Calculate the sum of the differences between all dates within an expanding window of dates
The output
column below is what I'm trying to calculate and the diffs
column is an explanation of the differences that are summed to calculate output
.
+------------+--------+-------------+
| date | output | diffs |
+------------+--------+-------------+
| 01/01/2000 | | |
| 10/01/2000 | 9 | [9] |
| 20/01/2000 | 29 | [10, 19] |
| 25/01/2000 | 44 | [5, 15, 24] |
+------------+--------+-------------+
I've thought about using rolling
and then creating a new column within each window for the diffs based on the last record in the current window and then summing these. However, rolling
doesn't seem to have the ability to fix at the beginning of a DataFrame. I suppose I could calculate the difference between the minimum and maximum dates and use this as the rolling period but that seems hacky.
I've also looked at expanding
but I couldn't see a way of creating new diffs as the window expanded.

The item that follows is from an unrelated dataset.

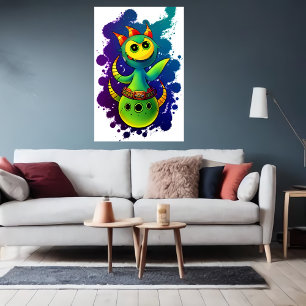 Cool-grüngelbe Alien Art der AI Poster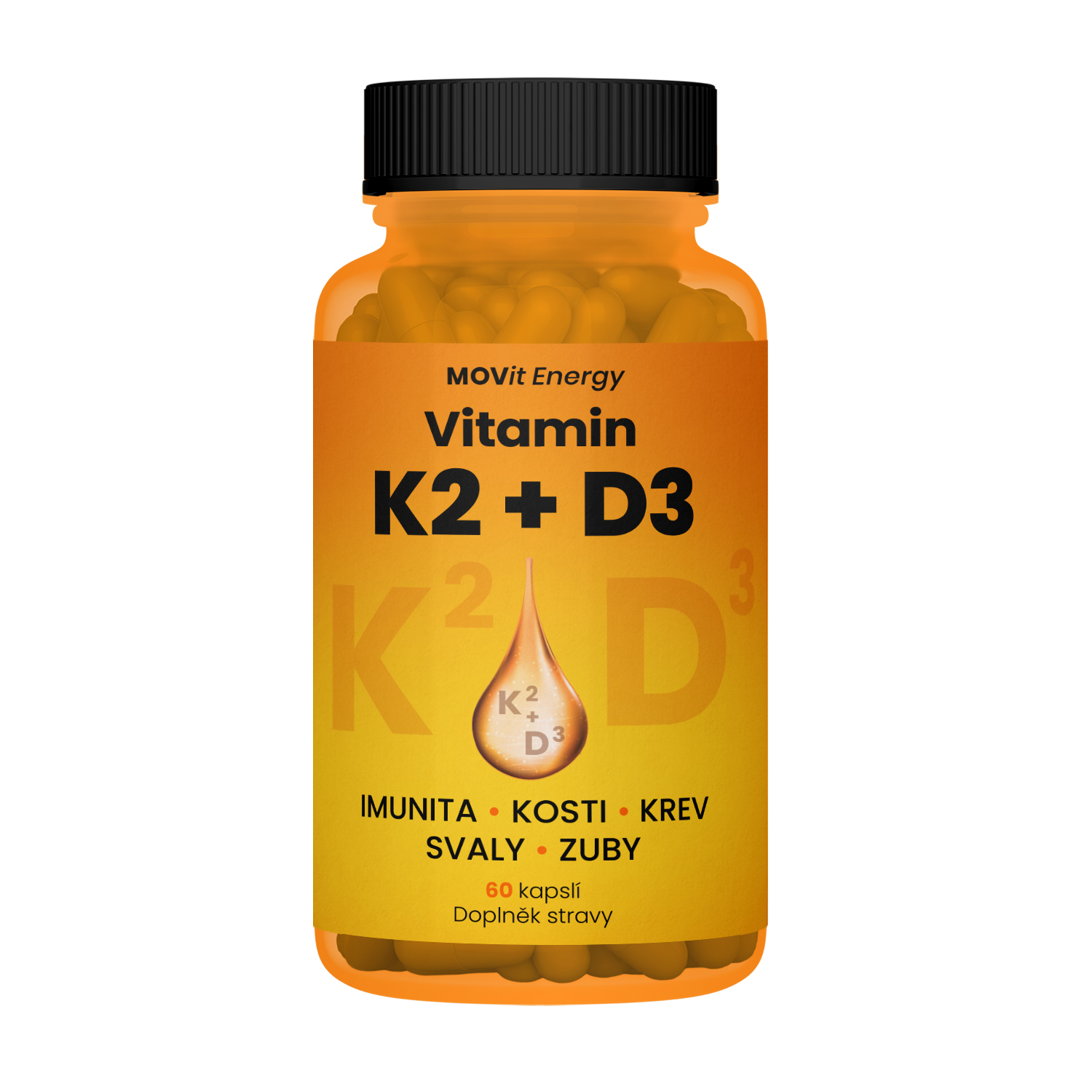 MOVit VITAMIN K2 120 μg + D3 1000 I.U. 25 μg, 60 cps.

Is there a non-loop, hopefully vectorisable, solution to this?
Here's the DataFrame:
import pandas as pd
import numpy as np
df = pd.DataFrame(
{
'date': (
dt.datetime(2000, 1, 1), dt.datetime(2000, 1, 10),
dt.datetime(2000, 1, 20), dt.datetime(2000, 1, 25),
),
'output': (np.NaN, 9, 29, 44),
}
)
Solution 1:
If you're looking for output, try:
datediff = df.date.diff()/pd.Timedelta('1D')
df['output'] = (datediff * np.arange(len(df))).cumsum()
Output:
date output
0 2000-01-01 NaN
1 2000-01-10 9.0
2 2000-01-20 29.0
3 2000-01-25 44.0
I'll leave the it to you to work out the logic behind.